• **What you are asked to do**: Look through the data below and extract, unchanged, the lines from the one that contains "Pad pentru birou" to the one that contains "(3) Camicie Hollister", both included.

• **Data provided**:
▬▬▬▬▬▬▬▬▬▬

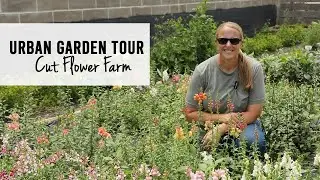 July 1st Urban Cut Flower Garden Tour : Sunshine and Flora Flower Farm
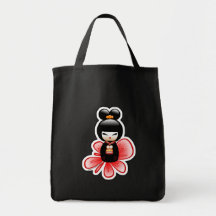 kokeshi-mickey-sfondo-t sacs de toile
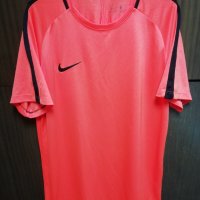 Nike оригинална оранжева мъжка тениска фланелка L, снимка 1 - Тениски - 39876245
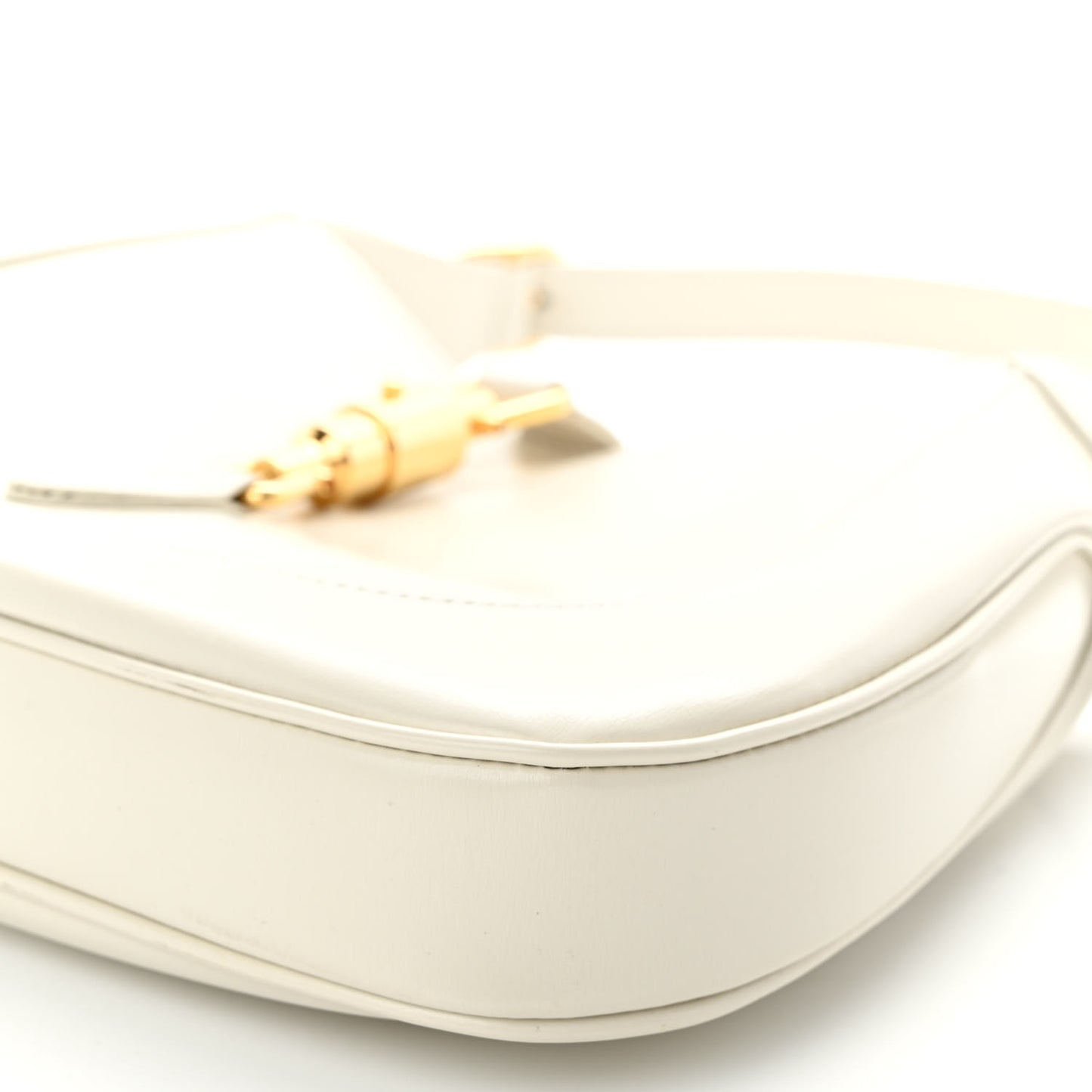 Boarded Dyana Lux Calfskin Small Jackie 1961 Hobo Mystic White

▬▬▬▬▬▬▬▬▬▬

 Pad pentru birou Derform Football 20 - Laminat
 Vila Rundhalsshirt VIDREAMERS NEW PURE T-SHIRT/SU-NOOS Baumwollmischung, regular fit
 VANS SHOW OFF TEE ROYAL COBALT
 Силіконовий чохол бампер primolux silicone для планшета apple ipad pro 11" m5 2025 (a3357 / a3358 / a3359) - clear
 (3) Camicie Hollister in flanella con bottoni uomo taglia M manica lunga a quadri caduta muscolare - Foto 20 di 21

▬▬▬▬▬▬▬▬▬▬

• **Your response**:
 Pad pentru birou Derform Football 20 - Laminat
 Vila Rundhalsshirt VIDREAMERS NEW PURE T-SHIRT/SU-NOOS Baumwollmischung, regular fit
 VANS SHOW OFF TEE ROYAL COBALT
 Силіконовий чохол бампер primolux silicone для планшета apple ipad pro 11" m5 2025 (a3357 / a3358 / a3359) - clear
 (3) Camicie Hollister in flanella con bottoni uomo taglia M manica lunga a quadri caduta muscolare - Foto 20 di 21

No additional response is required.